A criminal lawyer wasn't what she'd had in mind—Melissa was a minor nuisance, not a criminal—but if the alternative was going back and being referred to as sweetie or honey or something equally saccharine, she might as well check him out. "Tate it is, then. Take me to his office, please."
Helen watched out the side window as the thick woods of the acreage around her cottage gave way to neighborhoods of large houses and only a few strategically planted saplings, and then finally to urban lots with more paving than grass. She recognized the approach to the center of town, and, while she'd never paid much attention before, it was probably where the local attorneys had their offices.
A few minutes later, Jack parked the limo in front of a weathered-looking Cape, not unlike Helen's own cottage, except that it was on a tiny lot in a more urban zone and no trees. There was a small paved parking area in front, a long handicapped ramp leading up to the main entrance, and a discreet sign on the building that read Tate & Bancroft, PC, Attorneys At Law.

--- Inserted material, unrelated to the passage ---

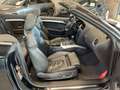 Audi A5 Cabrio 3.0 TDI qu. 3x S line ACC B&O Navi+ Schwarz - thumbnail 13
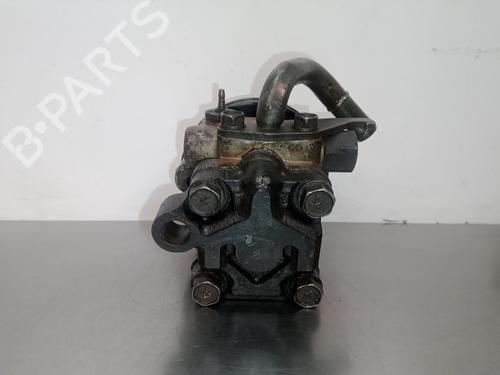 Steering pump HYUNDAI ATOS (MX)  | BP16301528M99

The car door swung open, and Jack was standing there, offering Helen his hand to help her out of the back seat. He probably did the same thing for all of his customers, but it only reminded her that she wasn't the same person she'd been before the lupus had started to really act up. Before then, she'd have been out of the vehicle and halfway to the building's entrance by the time the driver could have unbuckled his seatbelt.
It didn't matte
r so much what Jack thought of her abilities, but lawyers worked in a world where image was everything. Their own image, their client's image, and even the judicial system's image. They knew it, but few realized how much they, themselves, were taken in by appearances and failed to see reality. Chances were that this Tate guy wasn't going to see Helen as the strong, smart, attention-grabbing person she used to be; he was going to see the decrepit, slow, and easy-to-ignore person she'd become. If that was all he saw, he might dismiss her as not worthy of his time.
Jack bent down to look inside the car. "Do you need help?"
"No." The lawyer might not have time to see her without an appointment, but if she didn't at least try to see him, she'd have to find somewhere else to go. She wanted to be sure Melissa would have left before they returned to the cottage. Being rejected by an attorney wasn't as bad as being accepted by Melissa.
Helen slid to the edge of the seat. "I can get out on my own, thank you."
Many people, especially in the service industry, would have insisted on helping, but Jack took a step back. She made a mental note to leave him an extra-large tip, as a thank you for respecting her wishes.